With over 90,000 visitors last year and over 30,000 items in collection, it may be easy to see why the Johnson Museum Advisory Council recommended an addition to the museum as part of its latest five-year plan. It may also be easy to see why a panel of three museum consultants from Harvard, the University of Minnesota and the University of Wisconsin saw the need for an addition as well.

According to the museum director Frank Robinson, an extraordinary opportunity was that I.M. Pei and John Sullivan’s ’62 original design of the museum called for an underground extension to the north end of the building.

“We began to think of I.M. Pei and the original plan,” Robinson said.

The plan involved creating an underground extension, which would lead beyond the road on the north side of the building eventually reaching the gorge and having large viewing windows which looked out onto it.

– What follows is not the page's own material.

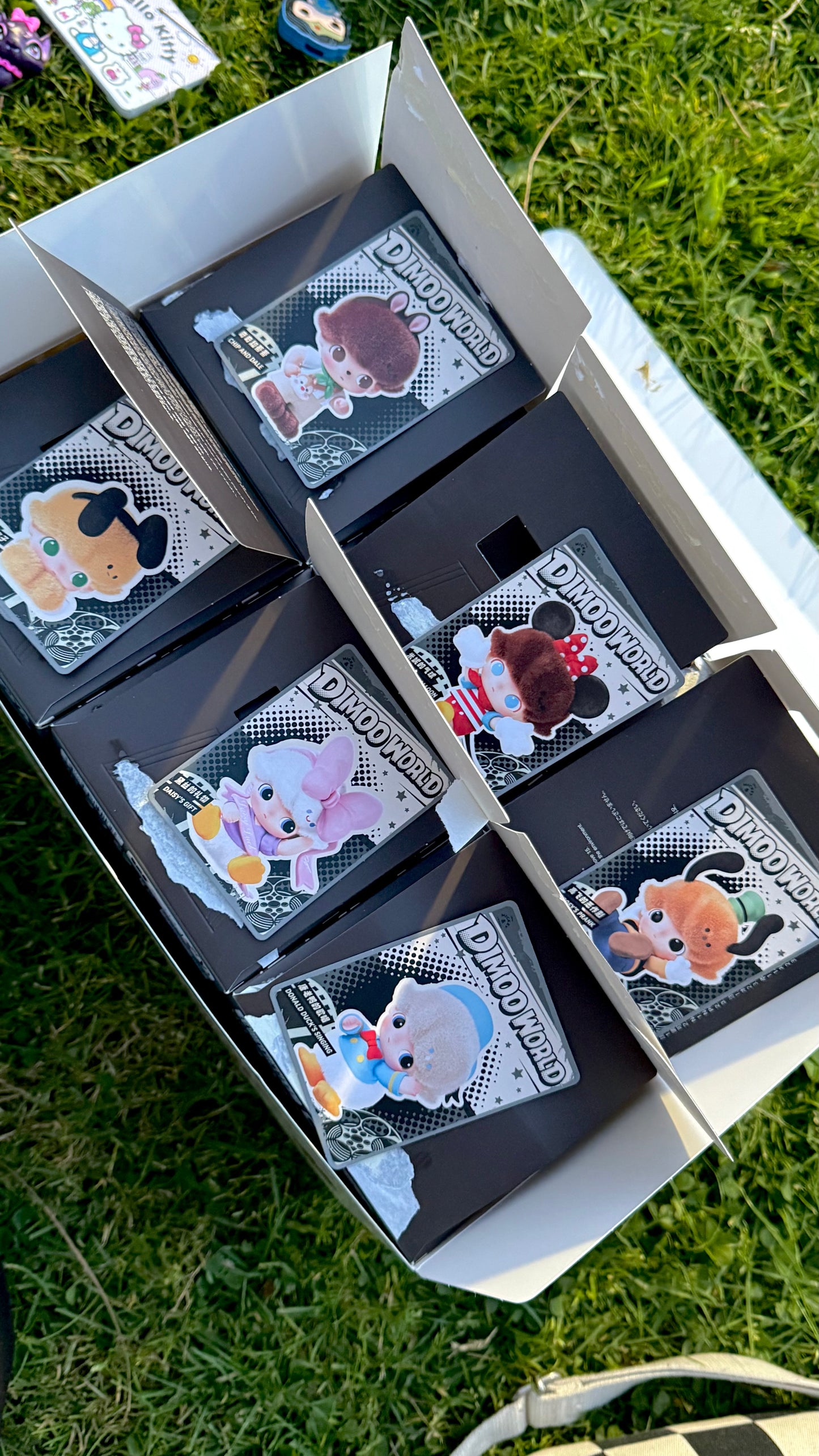 Character plushie OPEN box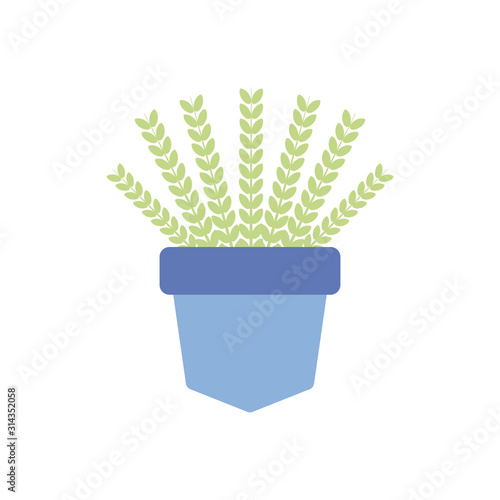 houseplant in pot decoration plants flat icon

The extension was not approved due to budgetary constraints.

Today the original plan poses some other problems.

“Now you wouldn’t want to spoil the gorge,” Robinson said.

The compromise, according to Robinson, would be the incorporation of elements from the original design without impacting the beauty of the gorge.

Though the plans have yet to be approved by the University, the museum has been in contact with Pei’s architectural firm.

“They are thrilled at the idea of doing it,” said Robinson, referring to both Pei and Sullivan.

The extension would add 10,000 to 12,000 square feet to the museum.

“This new wing would have three main functions,” said Robinson.

First would be new gallery space. Either one or two more galleries would be constructed with “sensitivity” to contemporary art.

The second function would be an open storage space. This concept is modeled upon the Henry Luce centers at the New York Historical Society and at the Metropolitan Museum of Art, where students or researchers could look through hundreds of works with relative ease. Currently the Johnson has many items in storage which are not readily accessible.

Robinson added that the open storage space would enable the Asian Gallery to be opened up, because part of that gallery space is currently taken up by storage space.

The third use of the new space would be for educational programming. Currently the space for educational programming is limited to a workshop room for about 15 or 20 people.

“When we want to do a lecture or class section we have to close a gallery, it’s an awkward way to do things,” Robinson said.

The cost of the project, as estimated by Robinson, is approximately $11 million. Already the Johnson Museum has raised $4 million. However, if the University approved the project, a considerable effort in fundraising would have to take place over an estimated span of a year.

Construction would take about two or three years. Robinson added that there would be minimal disruption to the museum’s events with the exception of both the possibility of some of the lower rooms being closed to due to construction and the Asian gallery being closed for renovation.

“The new wing itself will not have an effect on operating budget at all,” Robinson said.

The $11 million cost includes an endowment, which would incur the costs of maintenance once the new space is open.